Proposed solution: Time-frequency modeling and Deep Convolutional Neural Networks
The key to solving the problem is to understand the impact of lossy compression in the Time-Frequency domain. If you are not familiar with Time-Frequency Transforms (TFT) and spectrograms, you’ll find plenty of material online to explain it. I like this video for instance; if you want to skip the math and just grab a graphical idea, jump to 4:26. If it’s still too difficult, check the wikipedia spectrogram page.
What is really interesting with spectrograms is that the impact of lossy compression is clearly visible.. at least for a trained eye! See for yourself -below is a picture where we have highlighted the key artifacts typically created by lossy codecs:
The picture above exposes three typical artifacts of perceptual lossy codecs:
- High frequency cuts: human ears are not designed to hear sounds with frequencies above 20Khz and this higher bound tend to decrease as one ages. The quickest gain for a codec is thus to remove the highest frequencies.
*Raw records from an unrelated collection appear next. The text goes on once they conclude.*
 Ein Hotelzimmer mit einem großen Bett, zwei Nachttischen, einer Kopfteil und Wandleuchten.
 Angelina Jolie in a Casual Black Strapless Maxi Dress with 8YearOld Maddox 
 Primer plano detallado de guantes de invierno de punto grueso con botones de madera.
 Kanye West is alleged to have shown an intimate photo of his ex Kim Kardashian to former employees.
- Breaks between bands: codecs will typically process big TF chunks of audio separately, thus different quantization strategies at different frequency range can produce these discontinuities in the spectrograms.
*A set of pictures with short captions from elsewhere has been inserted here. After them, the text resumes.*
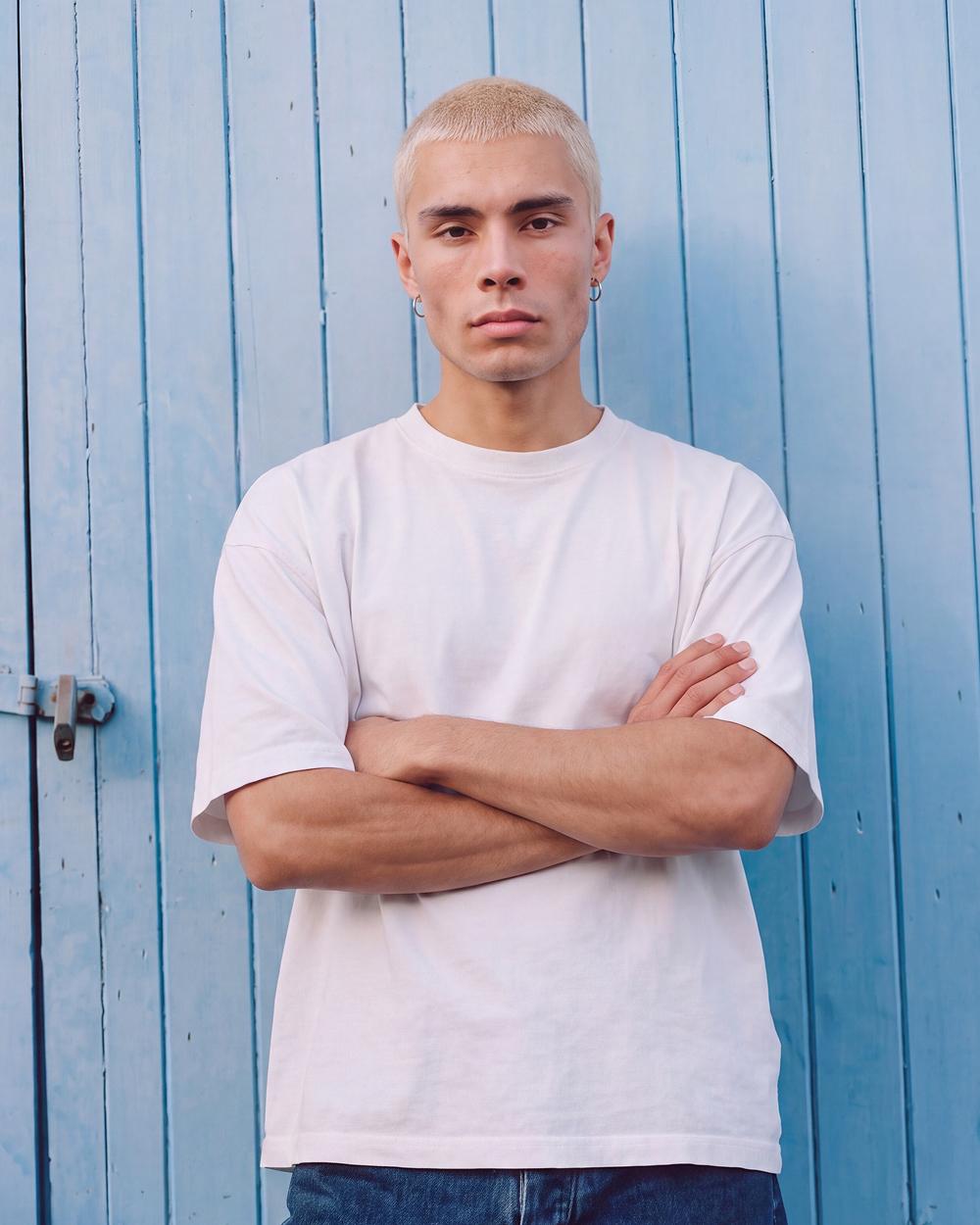 Blonde man, arms crossed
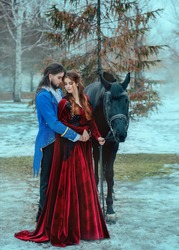 Medieval couple in love man and woman hugging in winter forest. Vintage clothing red long dress. Blue frock coat costume, tailcoat caftan. Prince and princess together. Black steed horse. Art image.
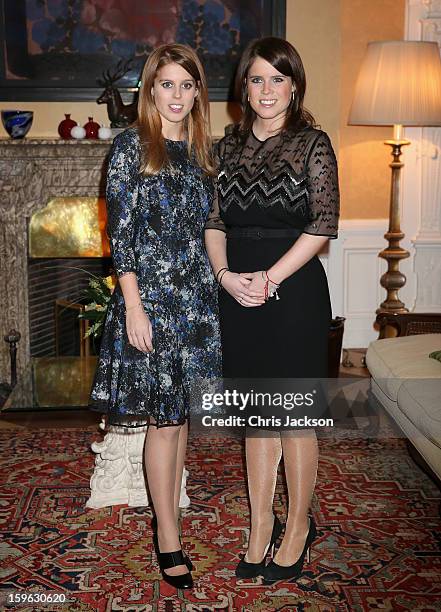 Princess Beatrice and Princess Eugenie of York pose for a photograph at the British Ambassador's Residence on January 17, 2013 in Berlin, Germany....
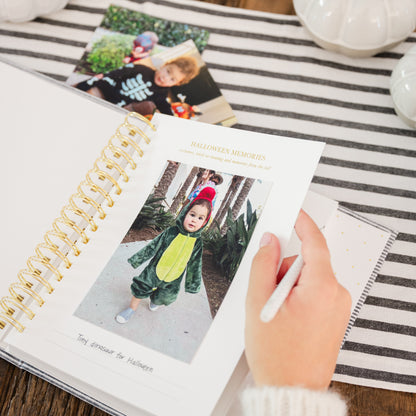 A hand holds a white pen over an open spiral photo album with gold rings, showing a printed page titled 'Halloween Memories' with a child in a green dinosaur costume. The scene is styled on a striped fabric surface with other printed photos and white decorative pumpkins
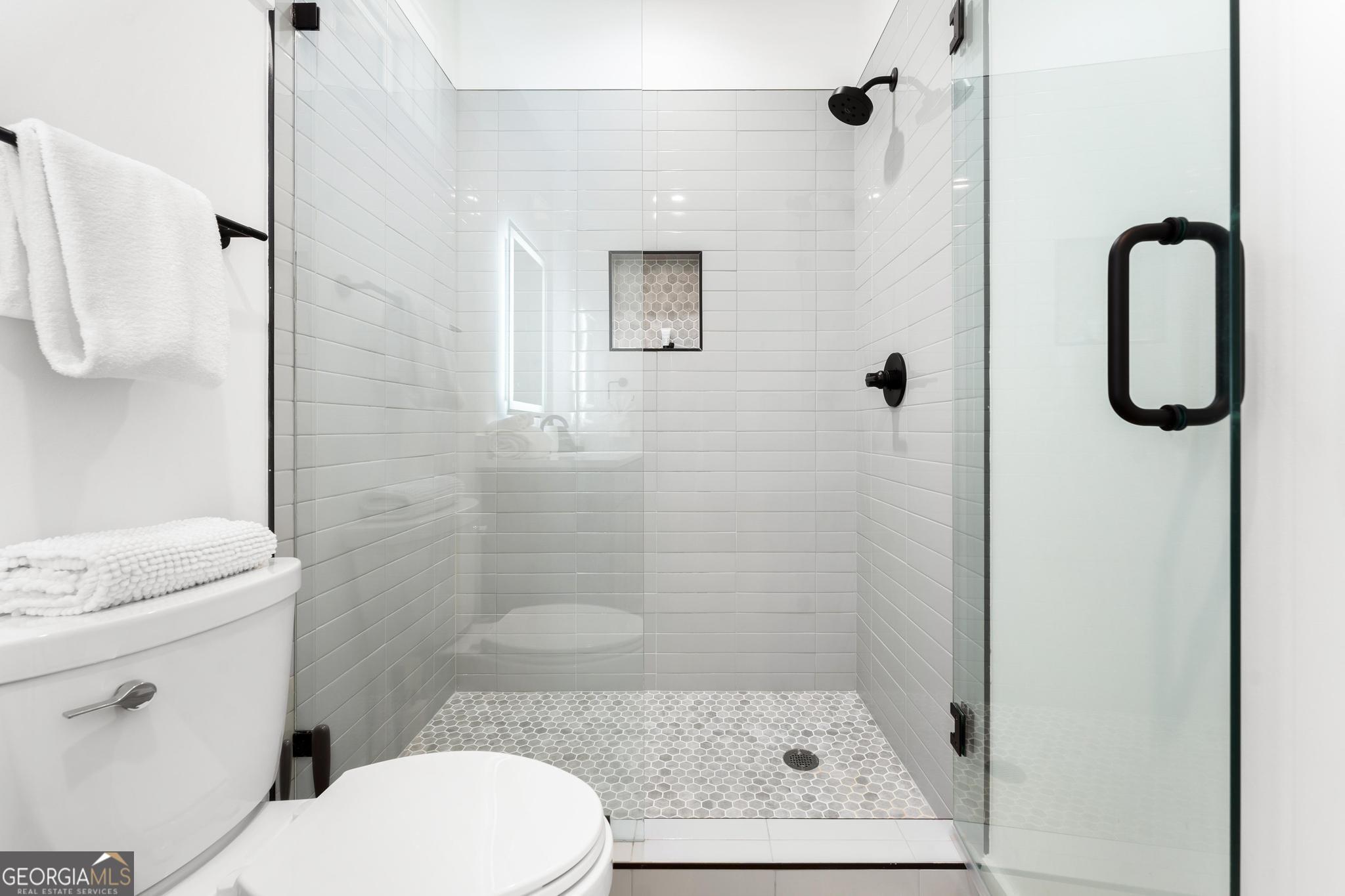 150 Clarice Lane Sautee Nacoochee, GA 30571 - Photo 26 of 42 a bathroom with a toilet sink and shower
- Clusters and Holes: Finer psychoacoustic effects take advantage of the way our ear is able (or more importantly not able) to process a sound when it occurs right after (or before) a powerful event such as a snare hit. This phenomenom goes by the name of pschoacoustical masking. Pretty much in the same manner our eyes have an intrinsic latency by design, our ears also experience some delays in our ability to process sounds. A smart codec will leverage this to gain space in those areas, thus creating holes and isolated clusters in the spectrogram.
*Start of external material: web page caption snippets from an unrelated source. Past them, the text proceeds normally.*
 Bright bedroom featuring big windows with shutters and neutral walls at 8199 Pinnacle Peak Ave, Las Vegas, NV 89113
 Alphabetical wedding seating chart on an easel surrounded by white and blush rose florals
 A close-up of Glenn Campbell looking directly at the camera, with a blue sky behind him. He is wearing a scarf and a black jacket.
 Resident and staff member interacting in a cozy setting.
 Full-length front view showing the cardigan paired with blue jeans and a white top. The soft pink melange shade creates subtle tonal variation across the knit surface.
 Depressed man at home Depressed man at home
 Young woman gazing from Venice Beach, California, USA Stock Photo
Practical solving: training a classifier
Now that we know what to look for, we are going to train a classifier to discriminate between altered and unaltered files. We do so by building a convolutional neural network (CNN). Given the current hype around AI in general and Deep Learning in particular, you’ll have zero difficulty finding resources online about CNNs. The one we built takes spectrograms as input and outputs a binary label: altered or unaltered. We train it by showing it a large number from both sample classes so that it ends up making very few errors, as the table below shows:
Our system achieves very good performance scores, higher than all state-of- the-art methods that we found in the scientific literature. When it fails, it is mostly on cases where the decision is difficult because the lossy codec has a very high quality output (typically AAC@320kpbs). At those bitrates, artifacts are very weakly perceptible in spectrograms.
Interested readers will find more details in the paper itself, especially on how we build the dataset and additional experiments showing the robustness of this method to codec and sampling rate changes. But to sum it up, it works pretty well provided you carefully design your processing pipeline (spectrogram and neural net) and leverage the access to a sufficiently large amount of training data.
ICASSP was great. The community as a whole is embracing deep learning techniques to achieved performance jumps on hard, challenging tasks. Through our participation, we saw that our work at Deezer R&D is pretty much in sync with what’s happening out there. We’re confident that we’ll be able to contribute even more in the future.